Aleksandr Zakharchenko dal novembre 2014 è a capo della Repubblica popolare di Donetsk. Dopo aver ottenuto importanti riconoscimenti militari (da Igor Strelkov, capo dei militari ribelli), con la vittoria elettorale ha preso il posto di Alexander Boroday, ex boss di Donetsk, i cui natali moscoviti, erano stati considerati un regalo troppo ghiotto per le accuse del governo di Kiev, circa la presenza e l’influenza di militari russi tra i separatisti.

Zakharchenko è di Donetsk, ha fatto il minatore a Donetsk, suo padre è stato minatore per trent’anni a Donetsk. Meglio di chiunque altro, è lui a incarnare la popolazione che dirige, sia politicamente sia militarmente.

Presente alla firma dei primi accordi del settembre scorso (insieme al capo della Repubblica Popolare di Lugansk, Igor Plotnitskiy), ha disertato gli ultimi incontri a Minsk, nonostante la sua presenza fosse stata considerata fondamentale dagli interlocutori di Kiev. «Sono sotto i bombardamenti», ha fatto sapere, «non posso certo recarmi a Minsk, ora». E infatti i colloqui sono saltati.

E ieri ha annunciato la mobilitazione generale e il reclutamento di cento mila uomini. «Entro dieci giorni – ha detto – inizieremo una mobilitazione generale nella Repubblica popolare di Donetsk».

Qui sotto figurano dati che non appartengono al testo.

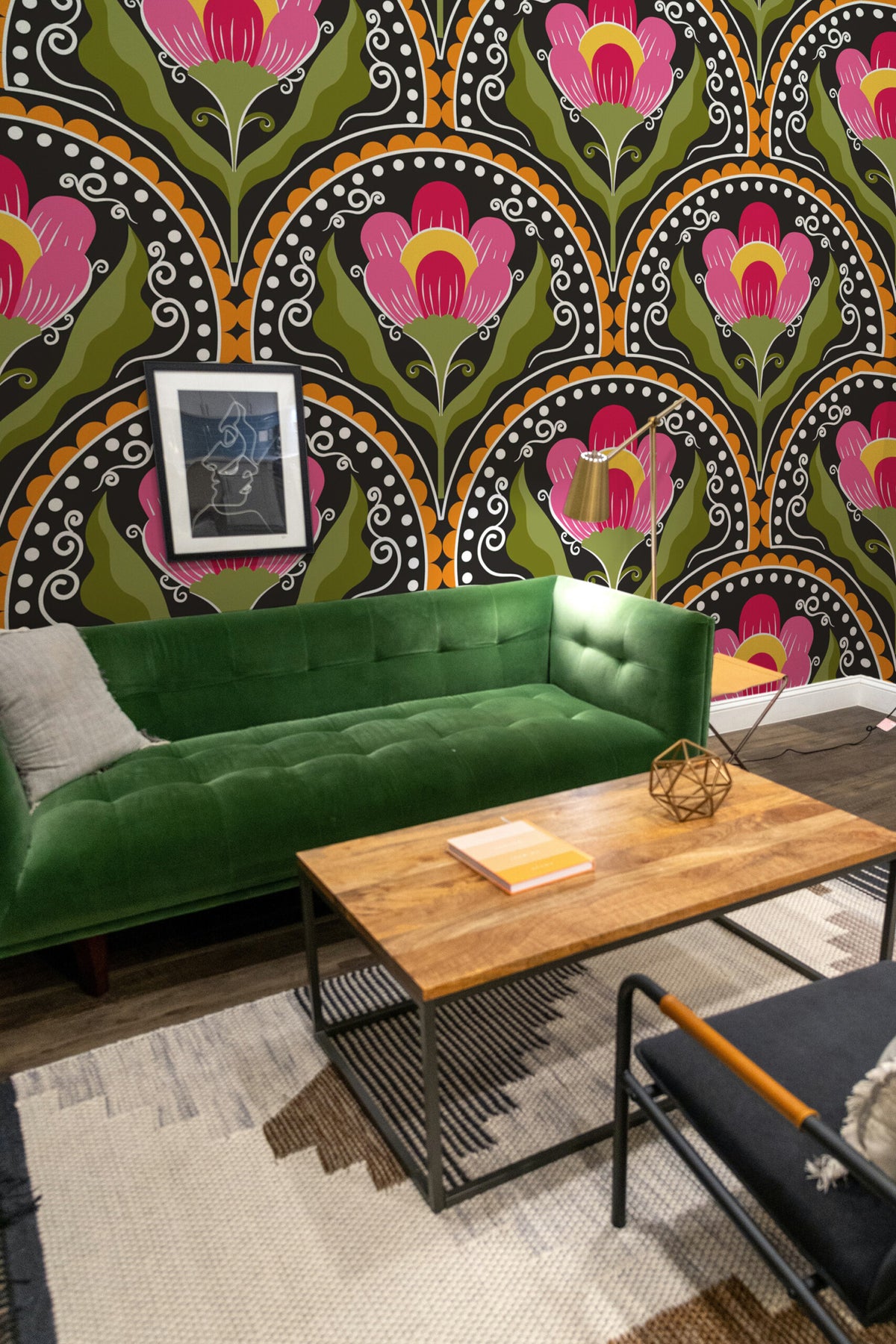 Papier peint panoramique Art déco — éventails fleuris roses sur fond vert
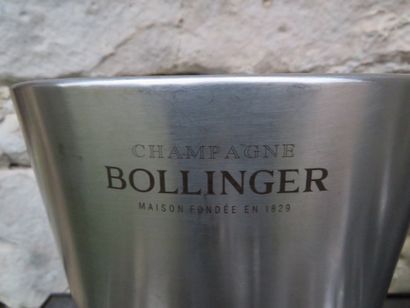 null 
Paire de seaux à champagne siglés "CHAMPAGNE BOLLINGER MAISON FONDÉE EN 1829"...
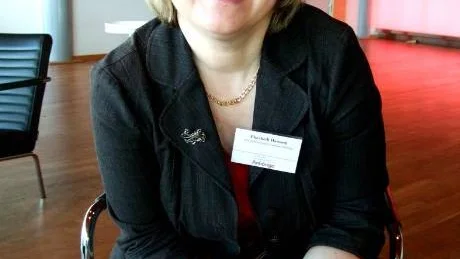 TÄNK NYTT. Elizabeth Hanson, forskare vid det statliga Nationellt kompetenscentrum Anhöriga, medverkade vid anhörig- dagen i Luleå. "I framtiden kommer olika e-tjänster att spela en viktig roll i stödet för anhöriga. Till exempel att få råd via dator", förklarade hon.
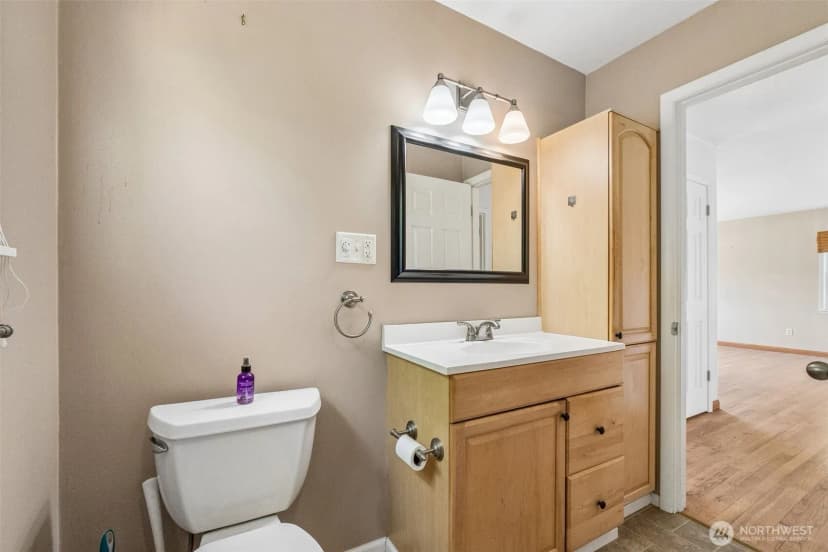 Property photo for 10235 33rd Avenue Sw, Seattle photo 7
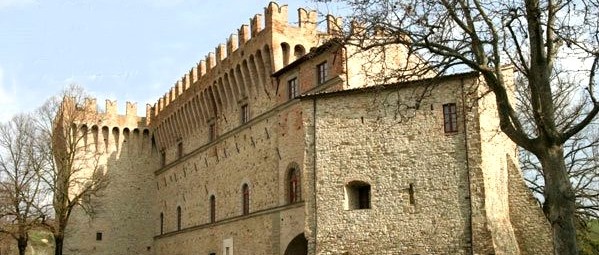Castello dei conti Oliva — Punto di interesse , Bologna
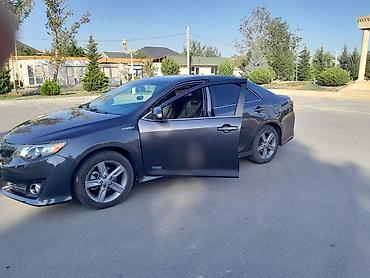 Toyota: Toyota Camry SE sedan - Korpus: sedan, qrafit/boz rəng - — 13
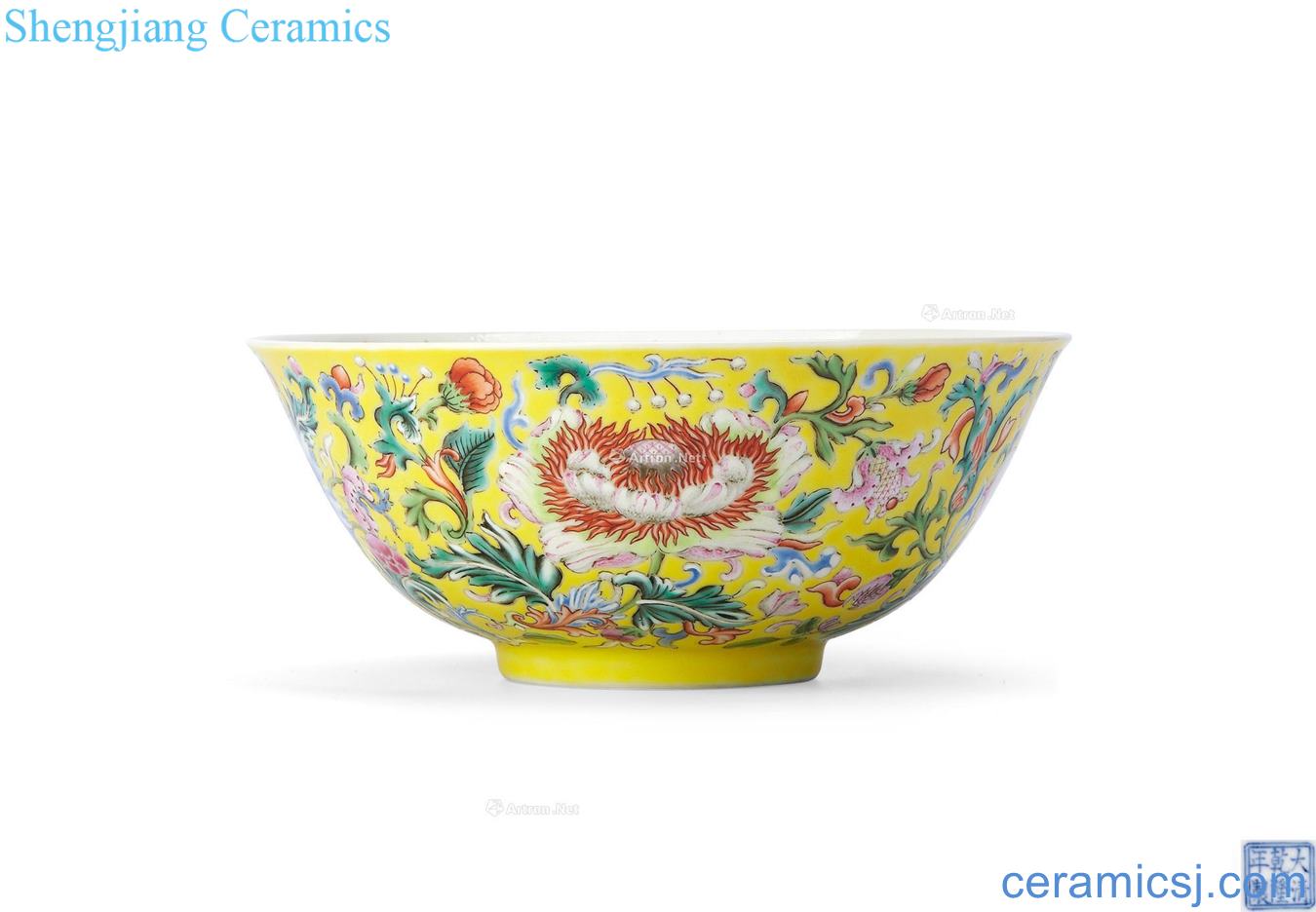 Qing qianlong to color the flowers yellow grain dishes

Si tratta di una mossa importante, probabilmente decisiva per le sorti della guerra attualmente in corso, specie se sarà applicata davvero. Ma potrebbe anche essere una mossa tattica: minacciare la mobilitazione, per ottenere vantaggi ad una eventuale nuova trattativa. Anche perché gli equilibri miliari, ormai, sembrano a favore dei ribelli, con Kiev che appare in difficoltà. Da un lato il suo esercito perde colpi e soldati (che scappano o disertano), dall’altro ha deciso una riforma dei battaglioni, creando scompiglio.

Non a caso ieri, a Kiev, molti dei combattenti del battaglione Aidar (accusato di «crimini di guerra» da Amnesty international) ha inscenato una protesta di fronte al ministero della Difesa. Contemporaneamente le madri dei soldati asseragliati e circondati dai ribelli nelle zone orientali, hanno chiesto la fine delle ostilità, chiedendo che i propri figli possano tornare a casa. E proprio ieri Merkel, da Budapest, ha escluso l’invio di armi all’Ucraina da parte della Germania. La Cancelliera ha sollecitato il ripristino urgente del cessate il fuoco nell’est del paese e ha ribadito che il conflitto «non può essere risolto con lo strumento militare».

Chi starebbe, al contrario, rivalutando l’ipotesi di un sostegno militare sarebbe invece Washington. Il segretario di stato John Kerry, che oggi sarà a Kiev, sembra pronto a rivalutare la questione, così come il generale Martin Dempsey, a capo degli Stati maggiori riuniti, mentre il segretario della Difesa Chuck Hagel è favorevole. Si tratta di notizie trapelate e pubblicate nei giorni scorsi dal New York Times, secondo il quale, perfino la consigliera per la sicurezza nazionale Susan Rice da sempre contraria all’invio di armi all’Ucraina, sarebbe pronta a rivedere le sue posizioni.

Fino ad oggi gli Usa hanno inviato materiale «non letale», ovvero strumentazione da guerra, ma non armi. Non pensano si possa proseguire così alcuni esperti, come Michele Flournoy (probabile prossima segretaria di Stato) e Ivo Daalder (ex ambasciatore americano alla Nato), autori di un report patrocinato dal Chicago Council (il cui titolo è «Preservare l’indipendenza dell’Ucraina dall’aggressione della Russia: cosa devono fare Nato e Stati Uniti») dove richiedono l’invio di droni per la ricognizione, mezzi blindati, missili anti carro e radar per un totale di tre miliardi di dollari di budget. Nel frattempo 11 civili sono morti e 42 sono rimasti feriti nelle ultime 24 ore nell’est ucraino, come riferisce il «ministro della difesa» di Donetsk, Eduard Masurin, citato da Interfax.

Delle undici vittime, sette sono state uccise di notte. Tre di loro hanno perso la vita durante un bombardamento alla periferia di Donetsk. E insieme ai combattimenti a est, proseguono le esercitazioni Nato nei paesi baltici, con la presenza – anche – dei piloti italiani.